Copy out the data that comes next, character for character, and leave the images aside.

**DATA PROVIDED:**
*****

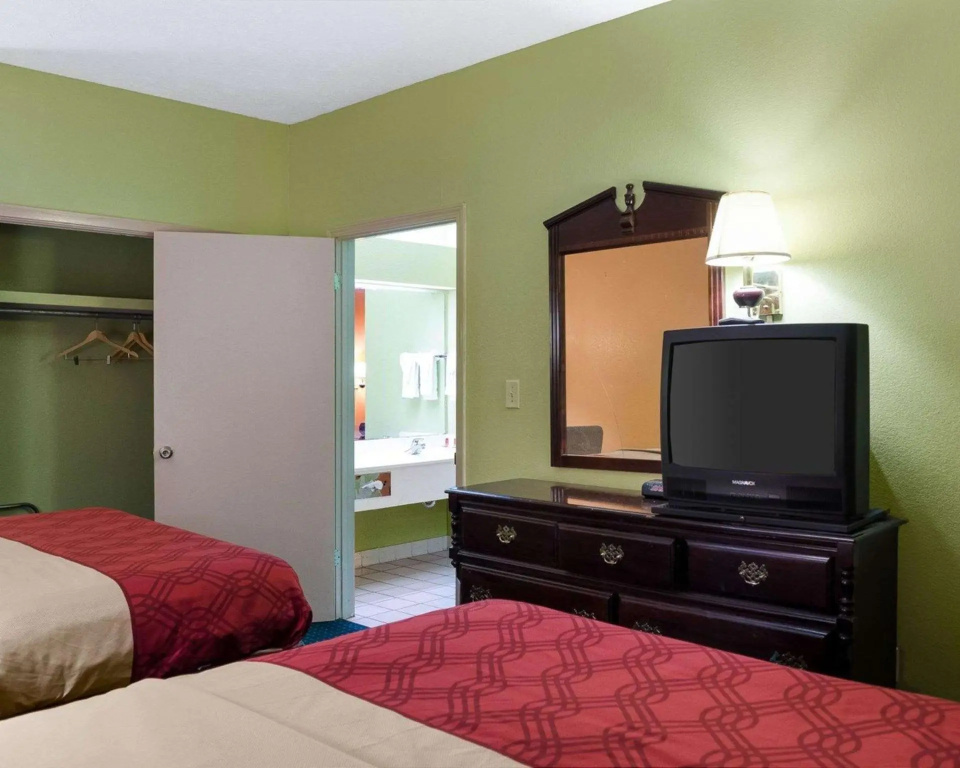 Quadruple Suite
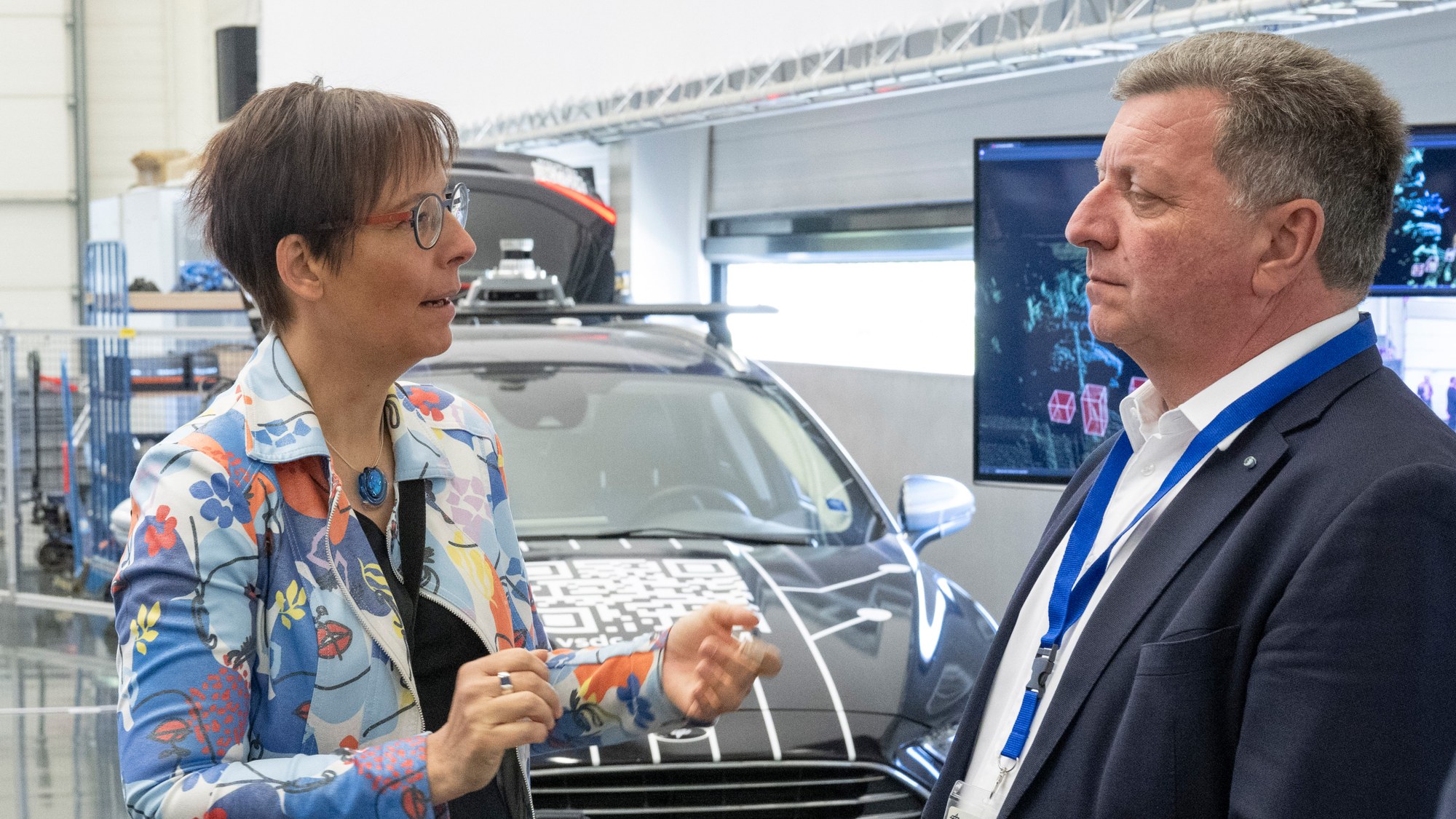 DLR-Bereichsvorständin im Gespräch mit bayerischem Verkehrsminister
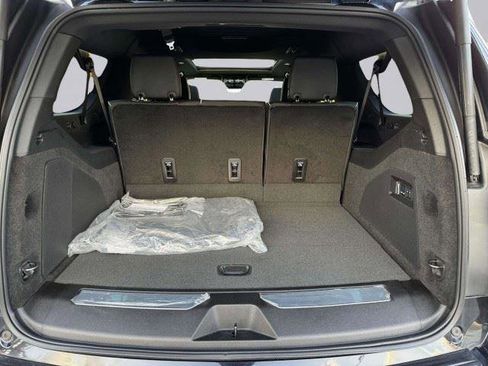 Used 2025 Cadillac Escalade ESV Sport w/ Touring Package AWD/4WD image 55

*****

**TASK SOLUTION:**
 Quadruple Suite
 DLR-Bereichsvorständin im Gespräch mit bayerischem Verkehrsminister
 Used 2025 Cadillac Escalade ESV Sport w/ Touring Package AWD/4WD image 55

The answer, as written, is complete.